Results 1 to 14 of 14

Thread: Rear drum removal

  1. #1
    Champion Member
    Join Date
    Jan 2013
    Location
    Mechanicville, NY
    Posts
    2

    Rear drum removal

    2013-01-02_19-28-11_493.jpgI'm a new Studebaker owner. I bought a '62 Hawk. A real barn find that hasn't run in 17 years. The engine now runs good. I'm on to fixing the brakes. I've tried everything I can think of but I can not get the rear drums off. I need to know what the trick is.

  2. #2
    President Member
    Join Date
    Dec 2007
    Location
    Union, CT., USA.
    Posts
    2,777
    Welcome gary,I would suggest putting the axle nut on "backwards" to protect the threads.back off the rear shoes if possible,and looks like your on the right track otherwise.I've had them come off hard,watch the toes and anything of value that may be against the garage walls cuz sometimes they pop suddenly.and when you put all back together,do not put anything on the axle leave it dry metal to metal.
    Joseph R. Zeiger

  3. #3
    President Member
    Join Date
    Jan 2006
    Location
    Omaha, Ne. summer- Sun City,Az. winter
    Posts
    3,810
    Usually after tightening the screw of the puller if you whack the end of the screw with a hammer and keep tightening it will eventually come loose. After you loosened the axle nut make sure you remove it, turn it around and screw it back onto the axle flush to keep from mushrooming the end of it.
    Frank van Doorn
    Omaha, Ne.
    1962 GT Hawk 289 4 speed
    1963 Daytona Conv. 259, Flightomatic
    1941 Champion streetrod, R-2 Powered, GM 200-4R trans.
    1952 V-8 232 Commander State "Starliner" hardtop OD

  4. #4
    Silver Hawk Member jclary's Avatar
    Join Date
    Dec 2008
    Location
    Greer, sc, USA.
    Posts
    6,346
    Good suggestions. With that wheel puller tool, you are way ahead of many who buy cars with tapered axles and have never attempted to remove the drum before. I have done this many times and never had a problem with the threads as long as the axle nut was used as suggested. Your picture does not show the "t" handle that goes on the end of that puller. There are times when you need to give the T handle a couple of whacks with a hammer, and then straight on dead center whacks. Usually by alternating hammer blows to the T handle and the center...the wheel will pop free.

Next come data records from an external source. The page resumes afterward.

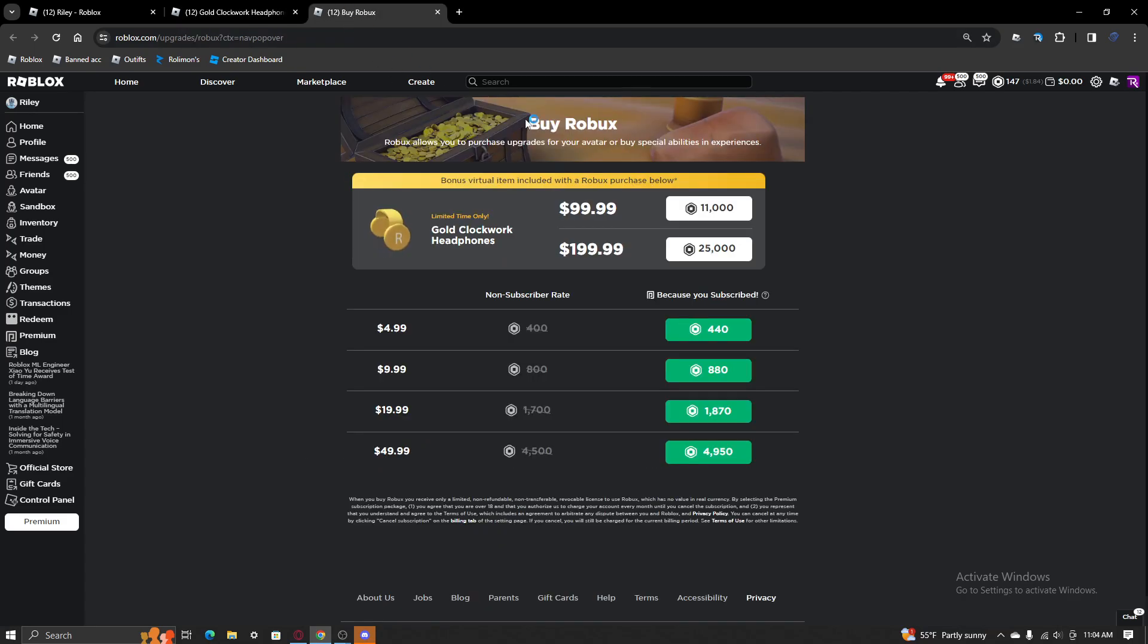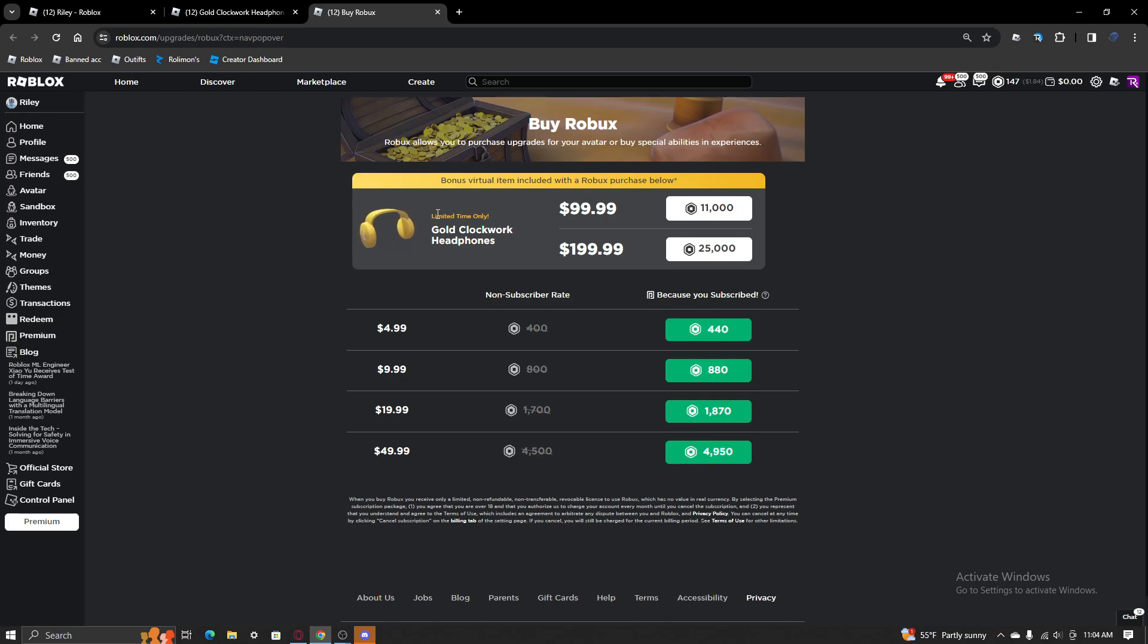But, if you buy a hundred or two hundred dollars worth of Robux, you can get these gold clockwork headphones in limited time only.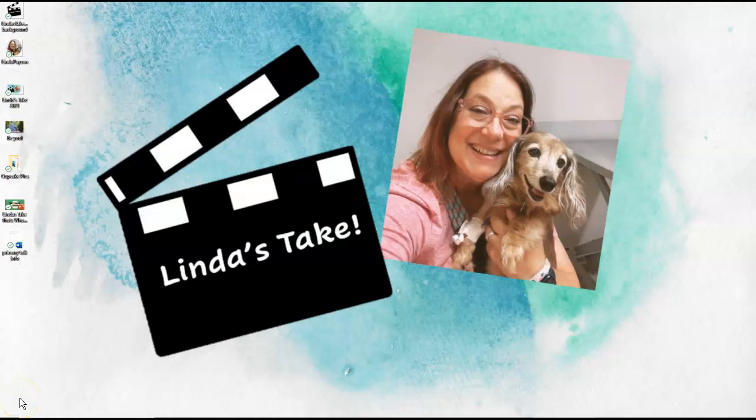Hello, welcome to Linda's Take. Today we are going to be looking at Excel Module 1 SAM Project B Diaz Marketing.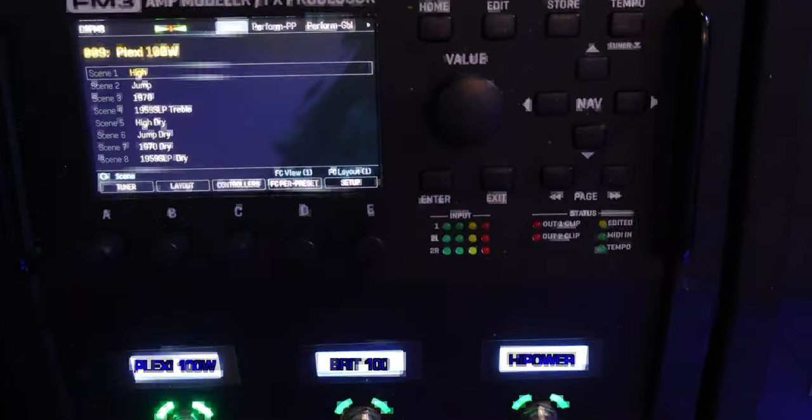Welcome to Part 11 of the Fractal for Beginners series. This is Part 2 of exploring the FM3's footswitches by special request. In Part 1 we looked at the first three layouts: presets, scenes, and effects, and how you can jump back and forth between them. In this video we're going to look at the six other layouts and see what you can do with them.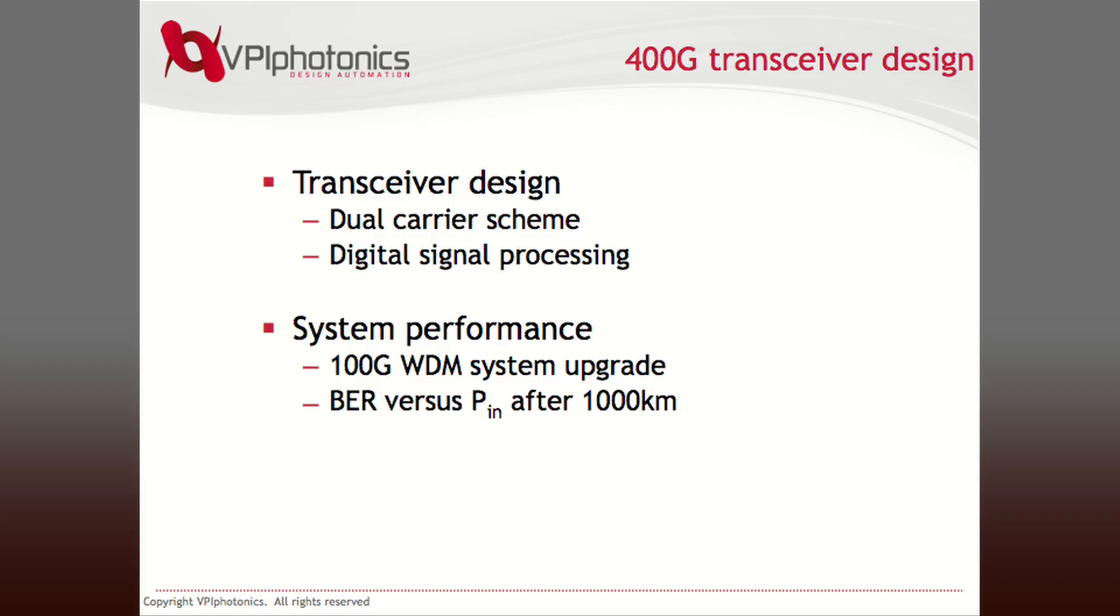Today I will discuss the design of a particular 400G transceiver based on a dual carrier scheme. I will also investigate the performance of a 400G channel co-propagating with 10 100G channels over 1000 km. Before we start, I would like to give a brief overview of the VPI transmission maker's interface.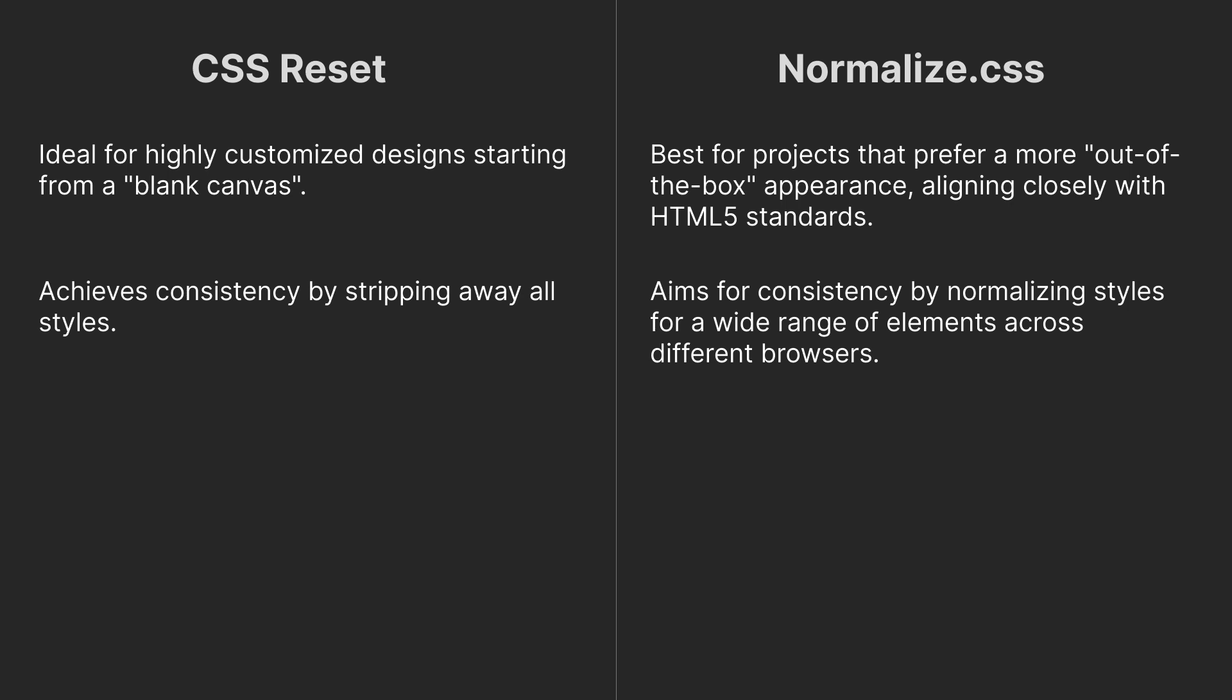CSS Reset achieves consistency by stripping away all styles, while Normalize CSS aims for consistency by normalizing styles for a wide range of elements across different browsers.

    It is important to have the brake shoes adjusted away from the drum. Also, you need to instal the puller arms as evenly spaced as possible to insure a straight pull from the center bolt. If the wheel still won't budge, a little heat around the center hub with a regular propane torch probably wouldn't hurt anything.
    John Clary
    Greer, SC


    SDC member since 1975

  5. #5
    Golden Hawk Member Dick Steinkamp's Avatar
    Join Date
    Nov 2004
    Location
    Bellingham, WA, USA.
    Posts
    11,046
    Here's that T handle that goes on the end of the puller that John mentioned...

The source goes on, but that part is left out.